The Shinnecock Indian Nation’s governing body is seeking a federal probe into its decadelong casino gaming initiatives and plans to launch its own inquiry — spurred by the federal conviction of a former tribal gaming authority member.
In a statement to Newsday, the nation’s council of trustees said it had been in contact with the U.S. attorney’s office for the Eastern District after Karen Hunter, 62, pleaded guilty Oct. 13 to illegally accessing a tribal member’s private computer to obtain information, a misdemeanor.
Calling the email theft “another dark and unfortunate circumstance stemming from a foul gaming partnership and initiative that began back in 2003,” the council said it recently met with federal prosecutors and continues to cooperate “in hopes to fully address all matters and hold all of those accountable for any impropriety discovered as a result of the ongoing investigations.”
Trustees said they will ask federal prosecutors for a probe “into the entire gaming project,” which spanned from 2003 to 2012, and involved a contract for multiple casino sites with Gateway Casino Resorts, a Detroit-based firm owned by casino magnate Michael Malik and Little Caesars Pizza owner Marion Ilitch.

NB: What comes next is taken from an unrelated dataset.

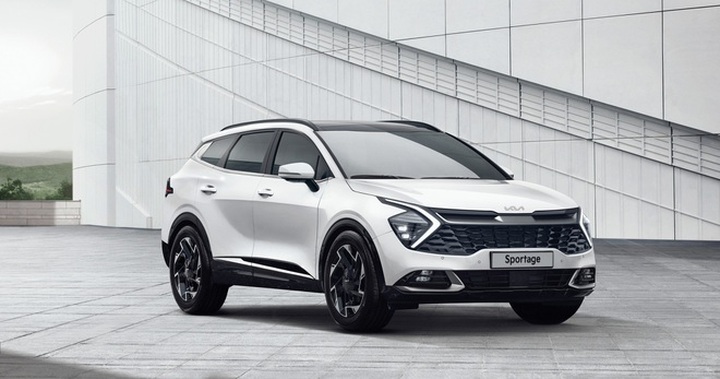 Hàng loạt xe mới ra mắt trong tuần qua, khách Việt trông ngóng - 3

With Gateway as the outside driver, the tribe once pondered opening casinos at such high-profile sites as the Nassau Coliseum, Belmont racetrack and Brookhaven Calabro Airport. The ambitions eventually crumbled after the sites were withdrawn by state or local officials, opposing residents or tribal members.
The tribal council previously conducted an inquiry into the activities of five former officials who it said had sought to negotiate casino contracts and gaming sites without full tribal authorization — charges the men denied even as the tribe sought to remove them from office.

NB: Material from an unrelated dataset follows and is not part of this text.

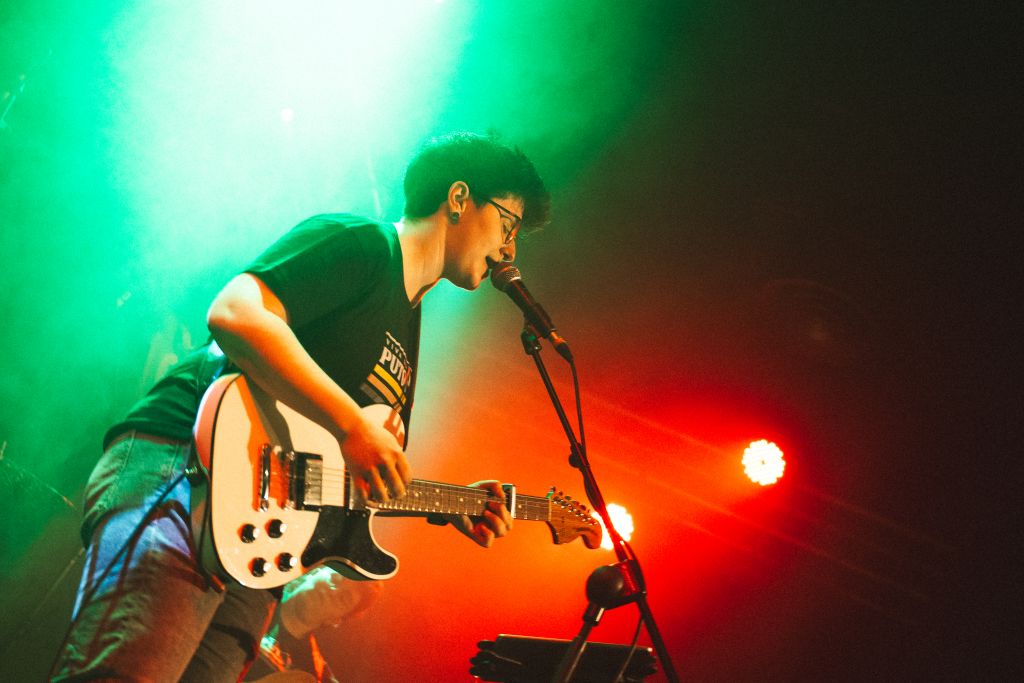 LUCÍA ZAMBUDIO - 16 TONELADAS-58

The men, including former trustees Lance Gumbs and Gordell Wright, have pointed to Hunter’s guilty plea in asserting that they had been wrongly accused.
The previous tribal probe set off a schism within the tribe as those affiliated with Gumbs complained of being unfairly accused.
“It really ripped our tribe apart,” Gumbs said after Hunter’s plea. “That wound is still fresh. It has not gone away.”
He and the four other men said in October they planned to speak with a Justice Department liaison to tribal governments to pursue charges related to the case. A person close to the Hunter case said further charges could be filed.
Tom Shields, a Gateway spokesman, said last month: “We haven’t been involved with the tribe directly for years and have no knowledge of any of these activities,” referring to the computer case and other allegations.
A spokeswoman for the U.S. attorney’s office declined to comment.